At the end of the 1930s, Welles brought the Mercury group (including Houseman, composer Bernard Herrmann and actor Joseph Cotten) to Hollywood, where eventually he began work on Citizen Kane (1941) for RKO. Considered by many critics to be the greatest American sound film ever made, Kane (which was co-written by Herman Mankiewicz) was full of surprising cinematic wizardry atypical of Hollywood productions, including deep-focus photography by Gregg Toland, shocking jump-cuts and an unprecedentedly complex soundtrack. The film was loosely modeled on the life of newspaper tycoon William Randolph Hearst, and made Hearst look, by implication, like a brute and a pathetic old fool; Hearst threw his weight against it, and the film did not do well at the box office.

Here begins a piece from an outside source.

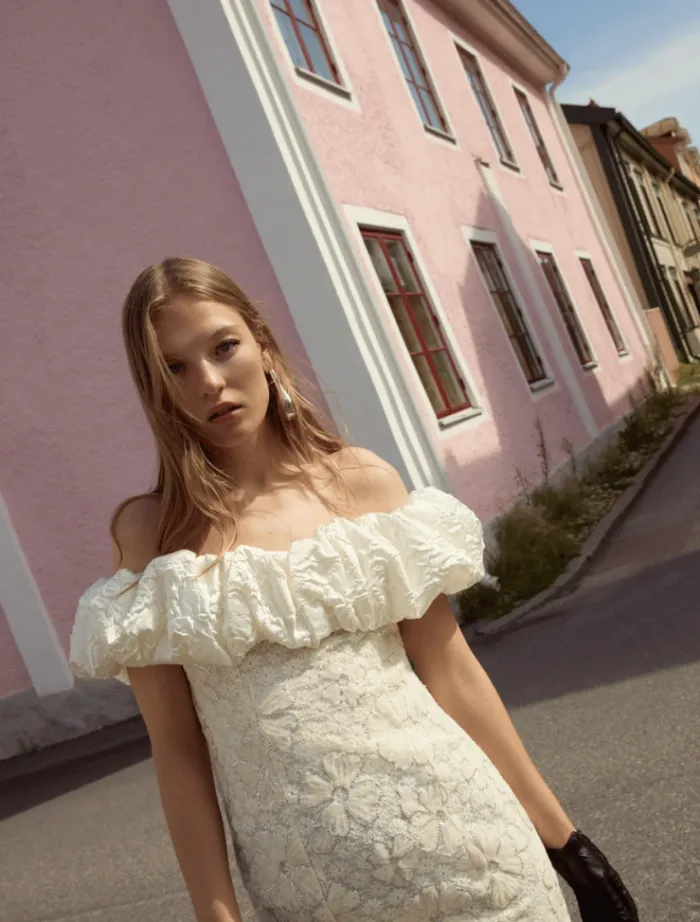 snowflake_daisy_mini_dres_1.webp For Love & Lemons Snowflake Daisy Mini Dress - Cream< Casual Dresses | Mini Dresses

Welles' second film for RKO, The Magnificent Ambersons (1942, based on Booth Tarkington's novel) was re-cut by the studio and flopped, and soon Welles was out on his own. After a brief marriage to Rita Hayworth (his second), he spent much of his time in Europe, acting in occasional films (notably as "Harry Lime" in Carol Reed's The Third Man, 1949) and occasionally finding backing to direct his own films. His Othello (1952) won the Grand Prix at the Cannes Film Festival; Touch of Evil (1958) and Chimes at Midnight (1966) were also critically-acclaimed.

Late in life he settled gracefully into the role of the avuncular talk show guest and TV pitchman while he waited for another chance to make a film of his own. He was a boldly self-confident, larger-than-life character, bursting with promise unfulfilled, yet never idle -- just misunderstood by those who should have provided him with his tools.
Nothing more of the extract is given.